Yet there are few English pictures of high quality in France, and whenever any have been exhibited the response has been identical. The words of the French critic, Ernest Chesneau, writing in 1868 of the International Exhibition held in Paris thirteen years earlier, are as apt today as they were then, as can be confirmed by anyone eavesdropping at the Petit Palais during the last few weeks: “The appearance of the English painters…constituted for our public a sort of revelation—of an art, of a school, whose existence we did not even suspect….” No doubt, in another thirty years, when some future exhibition of the kind is organized, the same words will be heard again. Why?

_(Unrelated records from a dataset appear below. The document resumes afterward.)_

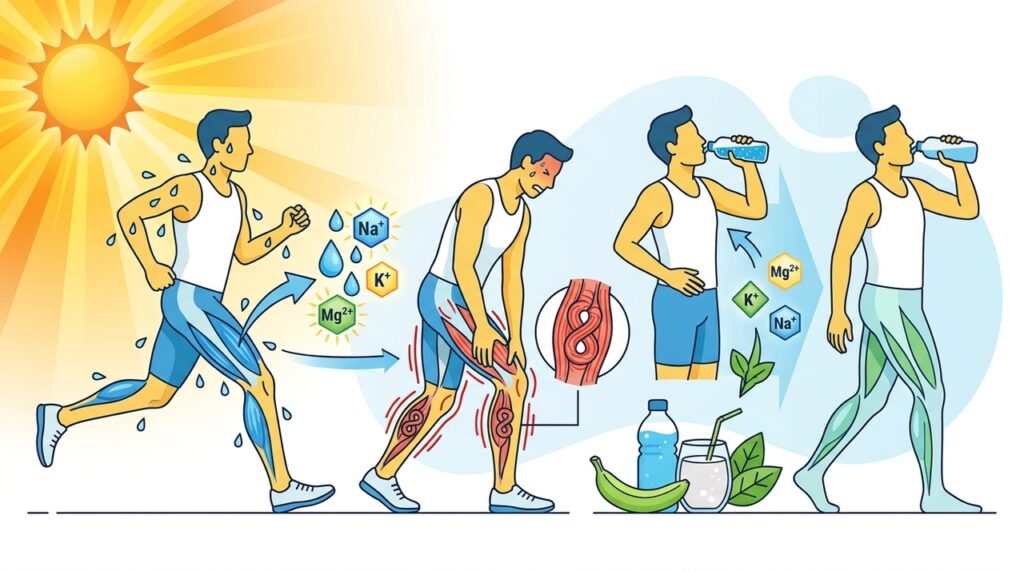 Por que o calor provoca cãibras musculares severas, mesmo sem esforço físico?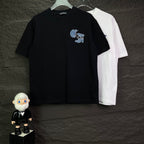 Black short-sleeve T-shirt with light-blue logo; white T-shirt behind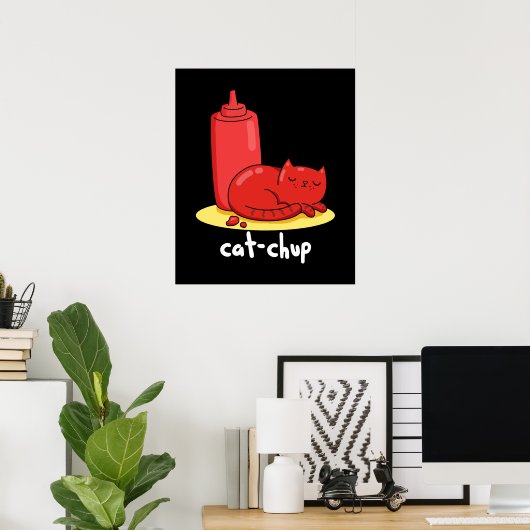 Cat chup Funny Red Ketchup Cat Pun Dark BG Poster (Heimbüro)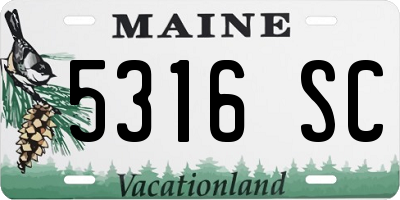 ME license plate 5316SC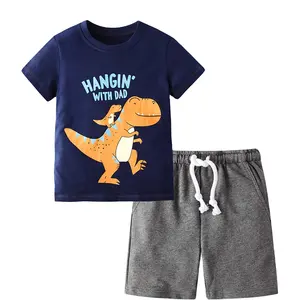 Детская одежда, детский спортивный летний комплект из 2 предметов для мальчиков, повседневная одежда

Some sort of an attempt was made to ask this and similar questions at an Anglo-French art historical colloque held at Royaumont last month. The setting was perfect: the gaunt ruins of the old Cistercian abbey recalled exactly the sort of subject on which English and French artists had collaborated in great early nineteenth-century books such as the Voyages pittoresques et romantiques dans l’ancienne France, and if, in Paris, we had been unable to see Constable hanging near Delacroix, here at least we could listen to E. K. Waterhouse talking to Jean Starobinsky, Michael Kitson to Pierre Schneider.
Yet for all the enthusiasm, learning, and good will displayed, it remains uncertain how much illumination was brought to bear on the subjects under discussion—or, even, exactly what those subjects were. One can feel grateful that no one tried to waste time by attempting to define Romanticism, while still coming to the conclusion that the exhibition at the Petit Palais (which, with commendable unanimity, was agreed to be the real theme of the colloque) was not explored as fully as might have been hoped for.

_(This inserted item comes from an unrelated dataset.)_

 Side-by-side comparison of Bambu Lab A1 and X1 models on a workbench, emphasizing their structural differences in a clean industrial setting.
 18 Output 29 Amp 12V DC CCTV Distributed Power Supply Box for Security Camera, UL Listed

To some extent this may have been due to the nature of the participants, for the differences between English and French art historians have, for the last fifty years or so, been at least as great as the differences between English and French art during the first half of the nineteenth century. For better or for worse—and the colloque left this writer undecided whether it was for better or for worse—there exist today few English poets, philosophers, or men-of-letters interested in making broad generalizations about the nature and function of art, of the kind which—for two centuries—have so enriched French culture. Equally, there are in France few art historians above the age of forty who practice art history in the sense in which it is understood by the Anglo-Saxons (one of the phrases, incidentally, which has virtually disappeared from French speech since the recent reconciliation with England).

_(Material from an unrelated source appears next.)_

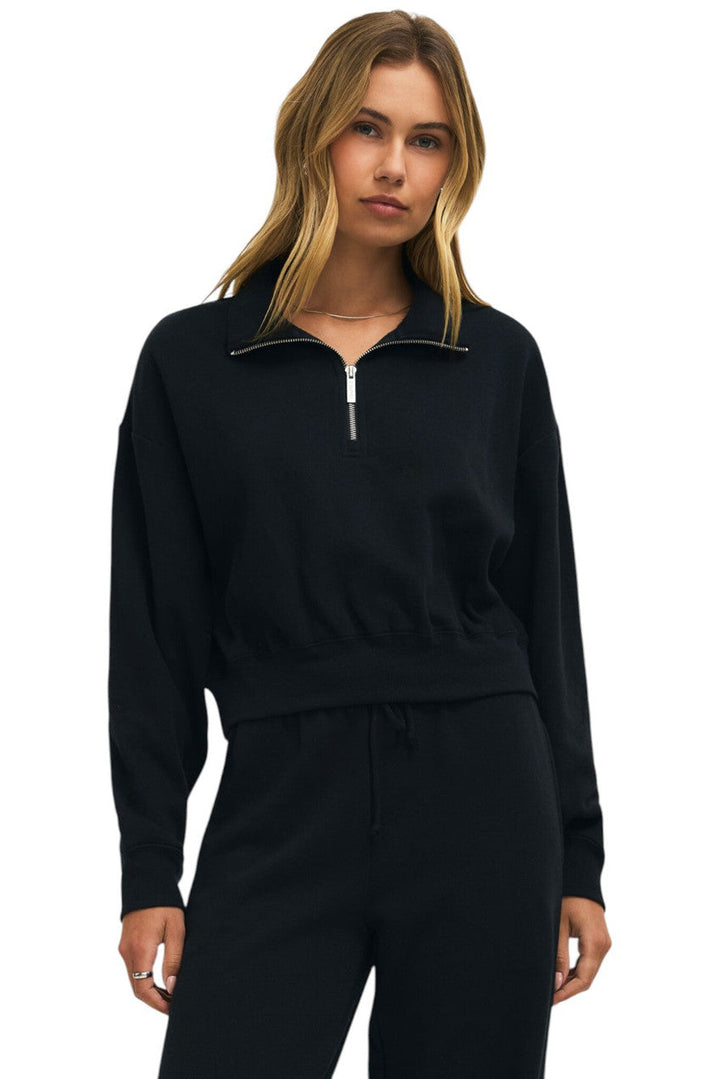 Downtown Half Zip Sweatshirt in Black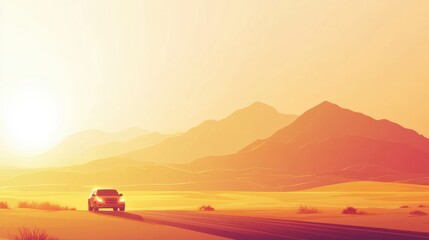 Poster - Driving through a warm desert landscape with distant mountains during sunset. Generative AI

It is perfectly true that there now exists a brilliant younger generation of French scholars which already controls the Louvre and which is more and more setting the tone of art historical studies in the country, largely under the influence of the English-speaking tradition (Delacroix and Constable once more), but this generation was, unfortunately, hardly represented at Royaumont; and if a highly cultivated and learned poet of great distinction, Yves Bonnefoy, was left to make some telling French points about English art, one may well regret that Geoffrey Grigson, an English poet of comparable qualities (and far greater contempt for art history as taught in the universities), had not been asked to reply for the English.
The issues, however, were complicated by more than mere differences of upbringing and qualifications. Until very recently everyone has acknowledged that the development of French painting constituted the “norm” for nineteenth-century art, just as during the seventeenth and most of the eighteenth centuries even the most chauvinistic French critics admitted—however reluctantly—that the Italians held the same central role in relation to the rest of Europe. Agreement was therefore possible on the merits of Constable, Turner, and other English painters who contributed to, or at least (like Etty) ran parallel with, French achievements, whereas it broke down—and even fruitful disagreement proved impossible—over the nature of the pre-Raphaelites, who, from a French view, necessarily seemed to be “provincial.”
However, factually, such objections are untenable. Unlike Constable, who never went to France and had no desire to do so, or Turner, who had a low opinion of the works of his French contemporaries, Rossetti was well aware of what was going on in Paris. He started his artistic career by imitating Gavarni, whom he much admired, and, though somewhat changeable in his opinions, he was at different times prepared to find Ingres “wonderful” and write a sonnet about one of his pictures, and to declare that Delacroix was “one of the mighty ones of the earth.” Some of his beautiful drawings at the exhibition make it clear why Whistler and Fantin-Latour thought highly of him. But if it is conceded that French painters were not only the greatest of the nineteenth century but were also—as seemed to be assumed by the French delegates at Royaumont—pursuing the only true path, then it must also be acknowledged that from the 1850s onward developments in England were irrelevant to “progress” and at best, like Ford Madox Brown’s Pretty Baa-Lambs, could claim to bear a certain freak resemblance to plein-air painting in France.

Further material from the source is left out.